→ **DATA**
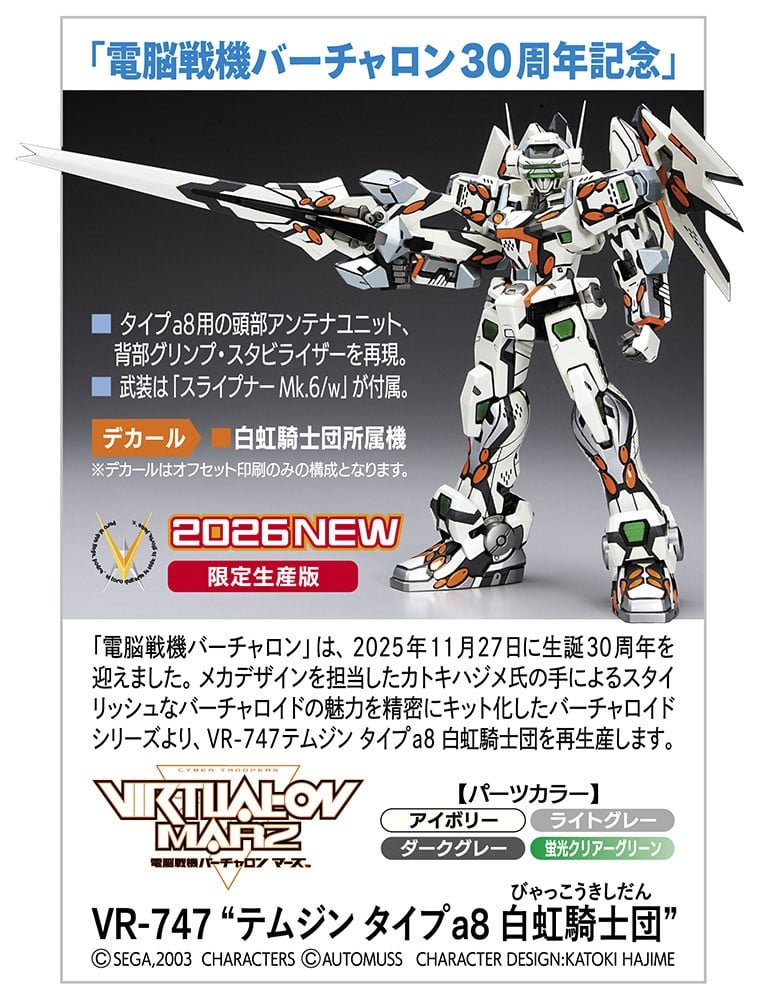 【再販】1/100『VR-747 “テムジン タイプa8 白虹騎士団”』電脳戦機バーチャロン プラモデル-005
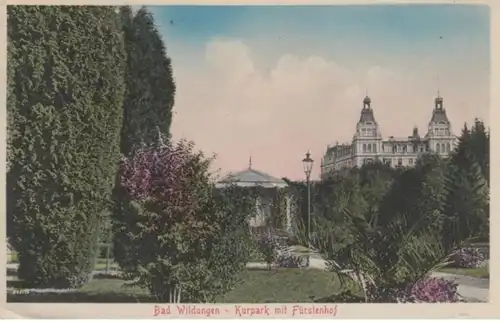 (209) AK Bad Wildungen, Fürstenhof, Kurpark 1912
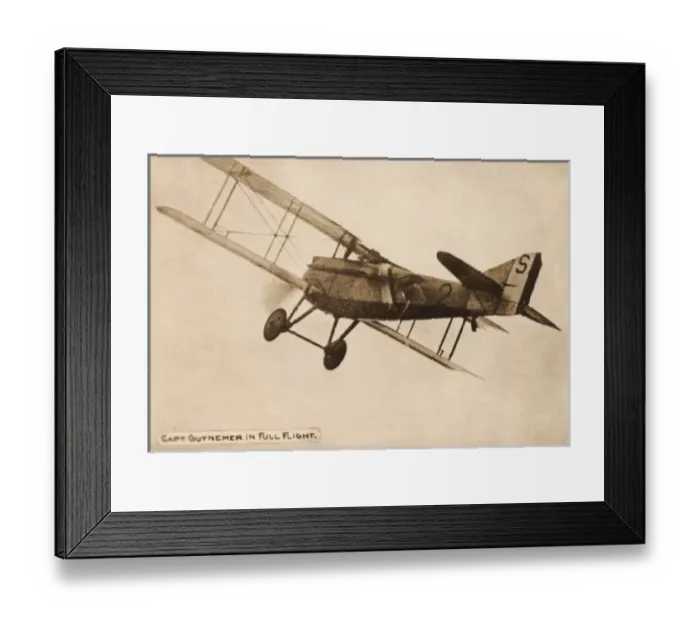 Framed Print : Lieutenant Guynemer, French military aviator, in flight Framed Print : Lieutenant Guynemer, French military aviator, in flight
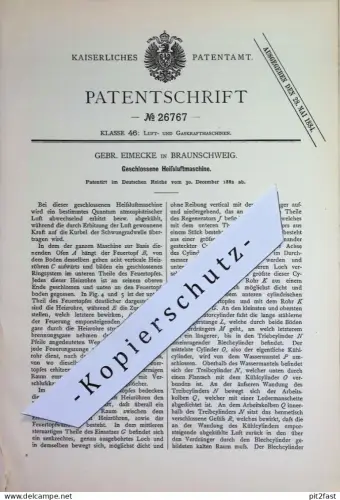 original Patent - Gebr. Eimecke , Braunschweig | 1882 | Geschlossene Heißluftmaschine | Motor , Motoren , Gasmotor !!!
...
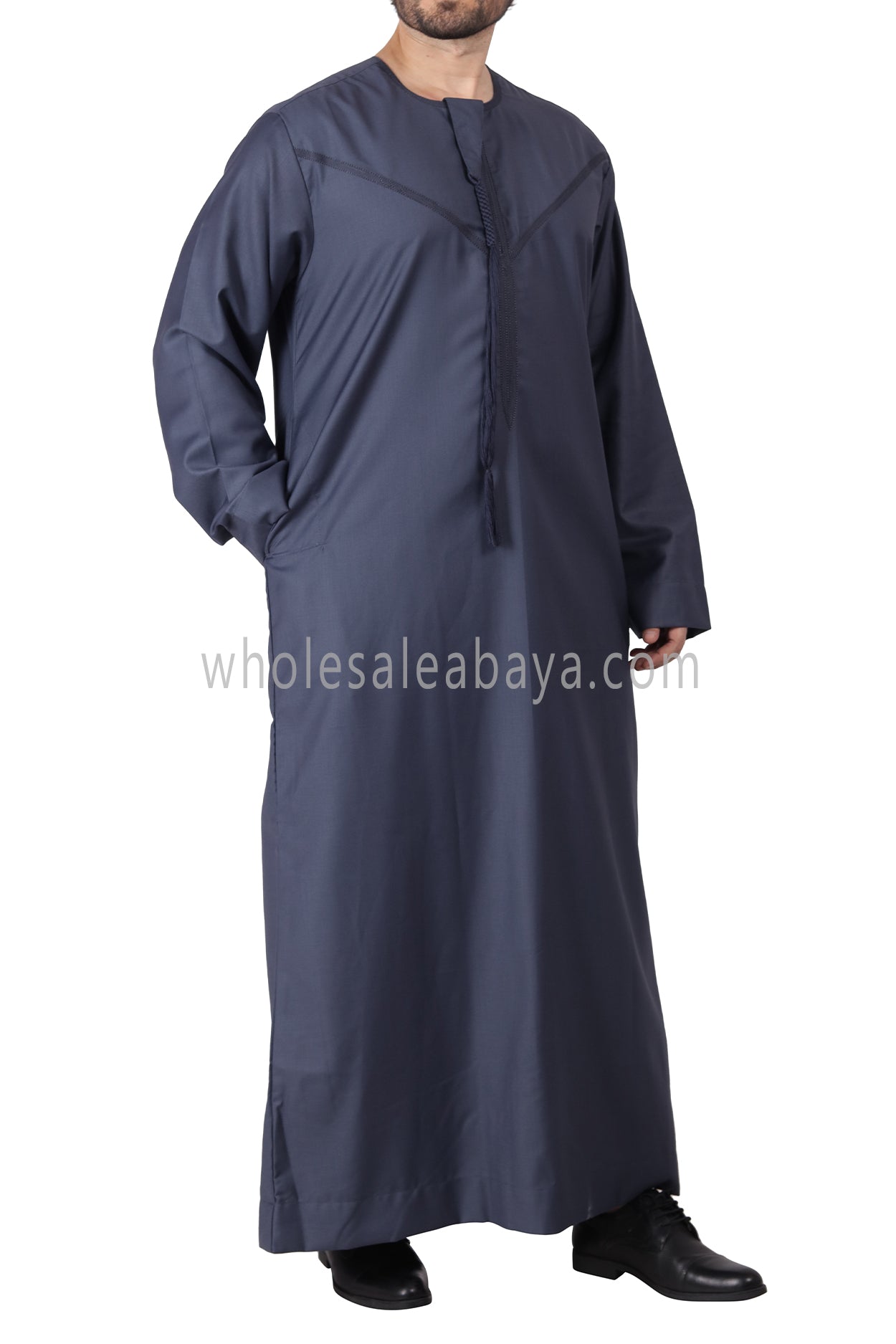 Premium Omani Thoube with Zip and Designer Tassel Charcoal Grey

→ **TASK DETAILS**
A verbatim reproduction is expected: starting at the line above that has "(209) AK Bad", ending at the line that has "original Patent - Gebr.", both included, and with no pictures and no other lines.

→ **REPLY**
 (209) AK Bad Wildungen, Fürstenhof, Kurpark 1912
 Framed Print : Lieutenant Guynemer, French military aviator, in flight Framed Print : Lieutenant Guynemer, French military aviator, in flight
 original Patent - Gebr. Eimecke , Braunschweig | 1882 | Geschlossene Heißluftmaschine | Motor , Motoren , Gasmotor !!!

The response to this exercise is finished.